When Larry was away when you were in that role, did the songs come quickly?
Howie B: We recorded over two hundred hours of music. I had to be respectful to Larry because I knew him. It's not like id never met him before. I had worked with him on Passengers, and I thought, "whoa! that guy has got a real set of sticks, and his groove is off the mark." I'm into the groove, but I didn't overstep the mark. Everything that I was doing during those first 3-5 weeks was with the idea that I knew that Larry was going to come and play those grooves. It wasn't a case of "I'm doing this; I'm the drummer." I'm not the drummer, no way! Larry Mullen is the drummer and the fourth member of the band. I was in a writing situation with these guys, and I had not over to step the mark. And that's down to friendship as well, which was very important to me.
How did your role change when Larry Mullen came back?
Howie B: When he came back, it was a case of me saying to him, "Okay, have a listen to this." and he picked up his sticks and said, "yeah, I get that." - Bang! And off he went. It was a dream for me. There is a beautiful thing when a real drummer plays a groove right. You can sample forever, but once you put it into the hands of a drummer who can play and has a groove, then it takes off into another world. Then it was time for me to step back and start producing. I was mixing and remixing stuff that Flood (Mark Ellis) and Steve Osborne was doing and taking it and giving a different slant to music that we had recorded. It was incredibly productive.

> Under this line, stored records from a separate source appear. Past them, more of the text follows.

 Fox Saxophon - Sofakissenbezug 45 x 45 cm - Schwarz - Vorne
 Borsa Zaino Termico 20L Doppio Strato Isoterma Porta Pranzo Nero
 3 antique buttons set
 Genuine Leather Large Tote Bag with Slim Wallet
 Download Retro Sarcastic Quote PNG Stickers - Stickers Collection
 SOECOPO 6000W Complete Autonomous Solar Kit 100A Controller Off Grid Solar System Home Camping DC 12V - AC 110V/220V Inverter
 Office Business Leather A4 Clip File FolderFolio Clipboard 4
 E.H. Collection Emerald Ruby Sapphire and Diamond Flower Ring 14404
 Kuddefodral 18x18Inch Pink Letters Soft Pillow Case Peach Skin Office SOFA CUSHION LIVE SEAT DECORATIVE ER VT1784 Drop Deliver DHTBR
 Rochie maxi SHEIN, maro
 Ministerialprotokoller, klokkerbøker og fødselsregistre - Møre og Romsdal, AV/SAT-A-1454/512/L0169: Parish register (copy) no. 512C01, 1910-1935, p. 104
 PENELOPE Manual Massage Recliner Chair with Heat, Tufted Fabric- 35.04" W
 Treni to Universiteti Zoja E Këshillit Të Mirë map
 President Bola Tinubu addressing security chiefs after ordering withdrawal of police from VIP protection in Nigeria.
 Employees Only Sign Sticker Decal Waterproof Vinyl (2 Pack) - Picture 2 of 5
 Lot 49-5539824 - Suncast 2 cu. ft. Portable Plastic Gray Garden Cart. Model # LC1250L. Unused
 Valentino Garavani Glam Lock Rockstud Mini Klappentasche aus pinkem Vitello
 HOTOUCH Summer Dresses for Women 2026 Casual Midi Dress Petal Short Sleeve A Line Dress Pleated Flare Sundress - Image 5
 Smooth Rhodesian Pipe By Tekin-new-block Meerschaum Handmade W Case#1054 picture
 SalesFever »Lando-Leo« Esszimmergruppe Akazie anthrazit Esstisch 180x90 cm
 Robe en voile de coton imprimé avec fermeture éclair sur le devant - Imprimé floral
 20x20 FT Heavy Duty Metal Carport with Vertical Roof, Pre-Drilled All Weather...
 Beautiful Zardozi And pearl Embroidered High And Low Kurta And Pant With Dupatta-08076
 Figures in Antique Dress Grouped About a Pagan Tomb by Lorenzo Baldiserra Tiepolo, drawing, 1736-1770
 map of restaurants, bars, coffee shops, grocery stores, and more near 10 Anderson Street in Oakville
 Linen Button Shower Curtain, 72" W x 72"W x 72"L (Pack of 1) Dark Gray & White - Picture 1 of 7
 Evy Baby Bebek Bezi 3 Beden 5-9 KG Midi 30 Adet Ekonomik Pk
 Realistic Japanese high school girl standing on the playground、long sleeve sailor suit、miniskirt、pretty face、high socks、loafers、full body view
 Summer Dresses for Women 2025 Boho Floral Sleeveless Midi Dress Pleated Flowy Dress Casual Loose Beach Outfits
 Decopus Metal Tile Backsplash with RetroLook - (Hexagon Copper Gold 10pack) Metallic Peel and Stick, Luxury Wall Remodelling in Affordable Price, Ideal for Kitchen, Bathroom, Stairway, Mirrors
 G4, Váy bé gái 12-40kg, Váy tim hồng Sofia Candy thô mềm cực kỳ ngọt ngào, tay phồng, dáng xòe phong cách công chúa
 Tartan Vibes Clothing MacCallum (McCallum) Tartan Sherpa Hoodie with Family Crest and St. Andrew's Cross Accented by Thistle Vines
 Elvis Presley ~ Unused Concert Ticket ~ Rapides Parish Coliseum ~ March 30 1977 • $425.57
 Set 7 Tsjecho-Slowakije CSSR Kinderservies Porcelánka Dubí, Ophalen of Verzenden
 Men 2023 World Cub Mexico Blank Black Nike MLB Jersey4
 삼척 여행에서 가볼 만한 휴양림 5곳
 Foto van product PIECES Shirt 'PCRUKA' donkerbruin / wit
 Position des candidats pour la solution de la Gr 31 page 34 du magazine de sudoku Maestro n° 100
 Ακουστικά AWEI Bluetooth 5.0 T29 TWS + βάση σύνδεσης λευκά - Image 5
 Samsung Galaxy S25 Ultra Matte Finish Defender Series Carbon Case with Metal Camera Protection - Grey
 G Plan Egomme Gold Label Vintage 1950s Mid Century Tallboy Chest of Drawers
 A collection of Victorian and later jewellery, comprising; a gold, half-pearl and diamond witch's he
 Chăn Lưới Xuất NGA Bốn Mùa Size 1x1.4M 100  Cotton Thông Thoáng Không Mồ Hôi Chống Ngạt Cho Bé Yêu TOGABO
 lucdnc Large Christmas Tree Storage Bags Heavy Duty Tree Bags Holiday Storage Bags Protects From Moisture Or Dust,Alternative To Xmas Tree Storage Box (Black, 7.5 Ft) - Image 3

As well as introducing me to Brian Eno U2 also introduced me to Flood, and both those guys are now close friends of mine. They have turned me on and pushed me to what I have become far outside the U2 thing. What I learned from Flood is ridiculous - his attitude to sonics and his work ethic is crazy! These guys work twenty-four seven. It's not like, "we have just got a number one hit, let's go to bed." they are like, "no, let's go to the studio." I love that; to me, that's brilliant. Their attitude is to keep going.
What song on the finished Pop album would you say has your stamp on it?
Howie B: I would say Miami. Simply because that song was going to be put in the bin, it was the only song that I didn't record, but I loved it. There was something dirty about it. It was fresh and disjointed; it was discombobulated, but it had something for me. so I said, "guys give me another room." So I went off to another studio for three days. It was all hands-on. Even if I were in another studio, we would all meet up for dinner. I came back one day, and everyone was all sitting ready to eat, and I was like, "Guys check this motherfucker out." and I put Miami on and blasted it while we were eating, and they all went fucking mental! They said, "what the fuck have you done here?" And it went on the record.
I love that song very much - I know some people have got problems with it, but fuck it, it's what happened - it's very real that song.
What is your favourite track on the album?
Howie B: My favourite track is the single version of Please, which I produced on my own. We went on the Popmart tour, and we had done four months in America, and I said to the guys; "I think we should go and record 'Please' again because you are playing it really well now on tour." they said; "what do you mean?" I said, "let's get my mate Craig Armstrong who did all the strings for Massive Attack." So we had the band in one studio, and in another studio, we had the orchestra. We changed the arrangement and refined the song, and it became a monster!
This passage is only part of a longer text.